Your assignment:
Your copy should hold exactly the lines from the one containing "Glass Pitcher full" through the last line of the entries, and no pictures.

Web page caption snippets
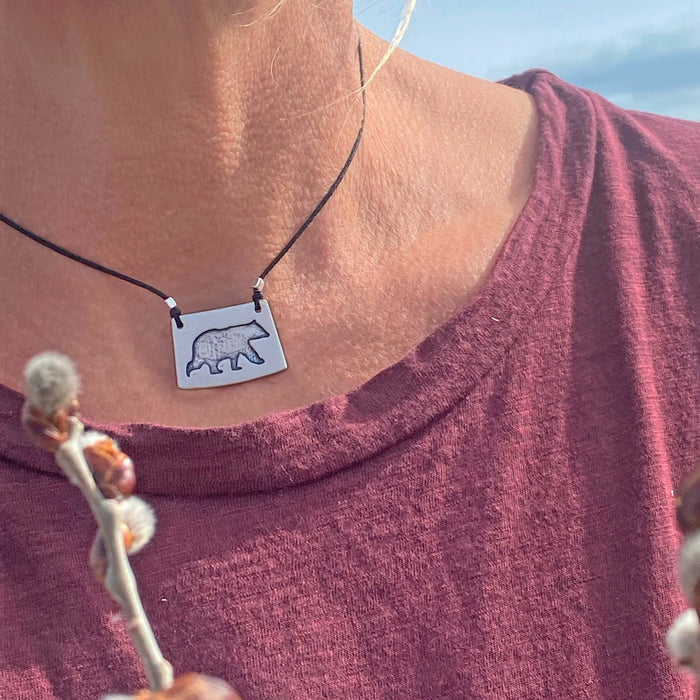 Bear Boy Necklace showcased on a model, featuring a black bear design on an asymmetrical rectangle chain.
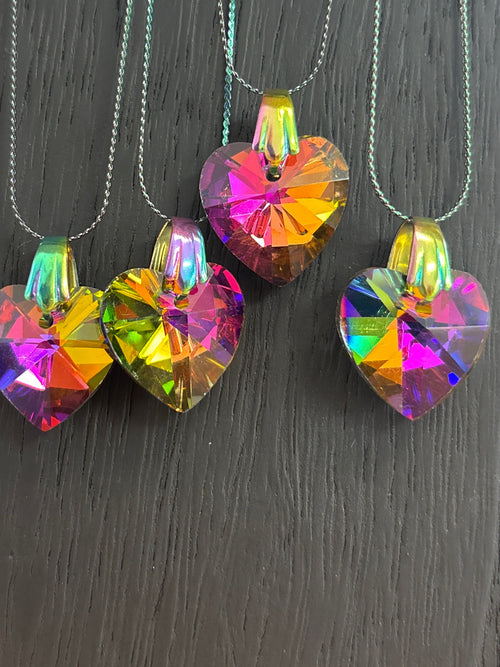 Colorful crystal pendants on a dark surface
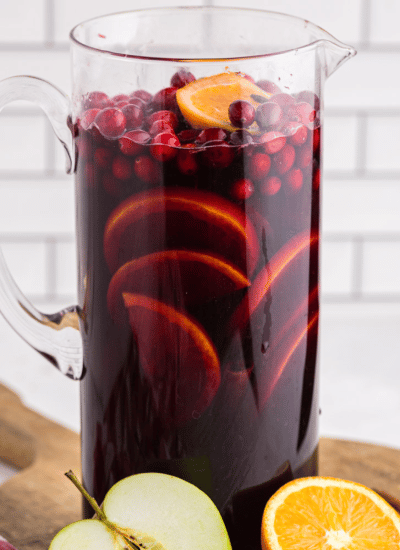 Glass Pitcher full of Red Sangria with oranges and Cranberries on a wooden kitchen board, half an apple, half and orange
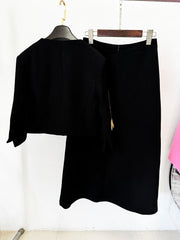 Back view of beaded cropped jacket and midi skirt suit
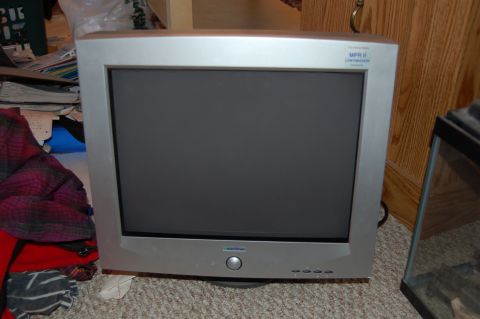 1991 Ford Probe - A silver CRT television is shown in a cluttered room, with a pile of clothes to its left and a glass tank to its right.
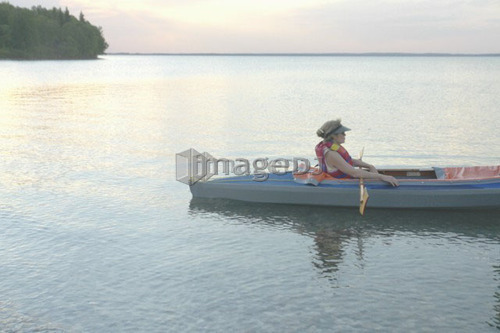 Woman in kayak Clear Lake Riding Mt. Nat. Park; Canada, Manitoba, Riding Mountain National Park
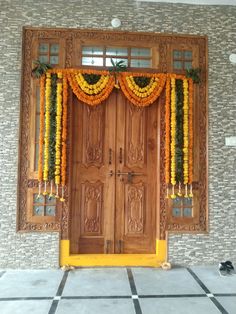 a wooden door decorated with flowers and garlands on the front entrance to a building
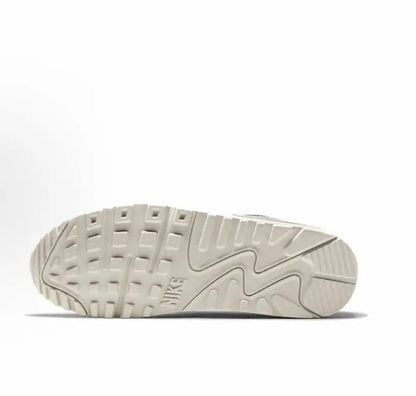 Nike Air Max 90 sneakers, white outsole with traction tread and Air logo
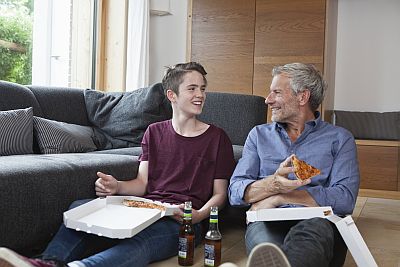 Vater und Teenager-Sohn sitzen auf dem Wohnzimmerboden, essen Pizza und schauen sich lachend an.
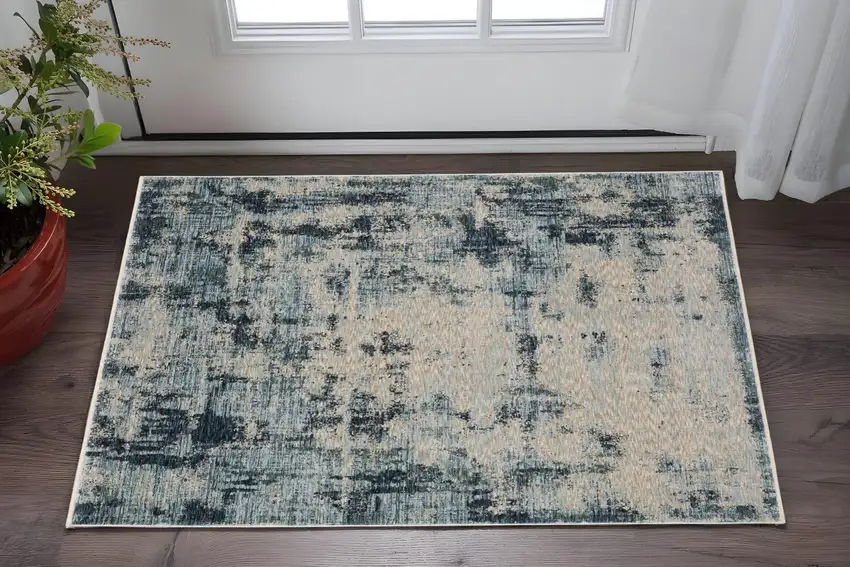 Beige And Blue Abstract Area Rug With Fringe Photo 1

Solved exercise:
 Glass Pitcher full of Red Sangria with oranges and Cranberries on a wooden kitchen board, half an apple, half and orange
 Back view of beaded cropped jacket and midi skirt suit
 1991 Ford Probe - A silver CRT television is shown in a cluttered room, with a pile of clothes to its left and a glass tank to its right.
 Woman in kayak Clear Lake Riding Mt. Nat. Park; Canada, Manitoba, Riding Mountain National Park
 a wooden door decorated with flowers and garlands on the front entrance to a building
 Nike Air Max 90 sneakers, white outsole with traction tread and Air logo
 Vater und Teenager-Sohn sitzen auf dem Wohnzimmerboden, essen Pizza und schauen sich lachend an.
 Beige And Blue Abstract Area Rug With Fringe Photo 1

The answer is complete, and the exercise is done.